Charity collectors, known as "chuggers", are the biggest source of complaints from shoppers, city centre managers said.

They are working with the Public Fundraising Regulatory Association (PFRA) to improve the situation.

The PFRA said it was about finding the "right balance" for charities and shoppers.

Clint Jones, Plymouth city centre manager, said: "It's by far the thing we get most complaints about.

'Finding balance'

"The number of face-to-face fundraisers in the city at any one time can be up to three teams of eight people.

"That's a lot of people to be approached by.

"It's not about the fact that people are collecting for charity, it's the manner in which they are doing it.

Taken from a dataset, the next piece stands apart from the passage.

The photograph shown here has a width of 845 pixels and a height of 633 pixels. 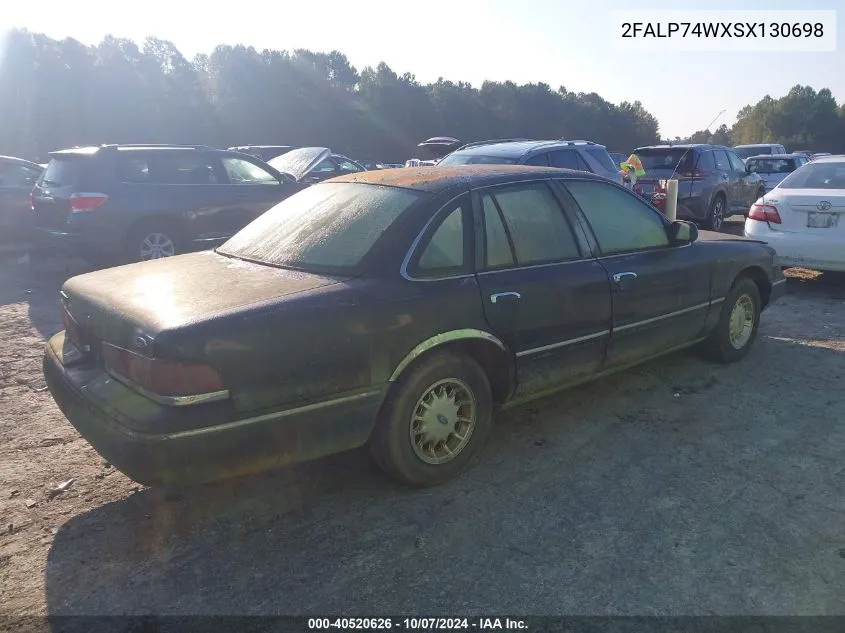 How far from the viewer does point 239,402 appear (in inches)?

"People do not want to be bothered when they are walking through the street."

Mr Jones said he wanted the city centre management team to have more control over the sites charity fundraisers use, the number of times a site is used during a week and the number of collectors.

Face-to-face fundraising involves stopping people on the street and asking them to sign up to to give to a charity via direct debit.

The PFRA was set up 10 years ago as a self-regulatory body for charities involved in this kind of fundraising.

Dr Toby Ganley, head of policy at the PFRA, said: "Our approach is to establish a sustainable level of fundraising so charities can guarantee a reliable income.

"You have to balance the rights of charities to ask for money with the rights of people to go about their business.

Bid for 'slots'

"It's about finding the right mix and the right balance."

He said the PFRA already had site agreements with between 60 and 80 other cities.

The organisation also runs a diary system so charities can bid for collecting "slots" so fundraisers can avoid all turning up at the same spot in a city at the same time.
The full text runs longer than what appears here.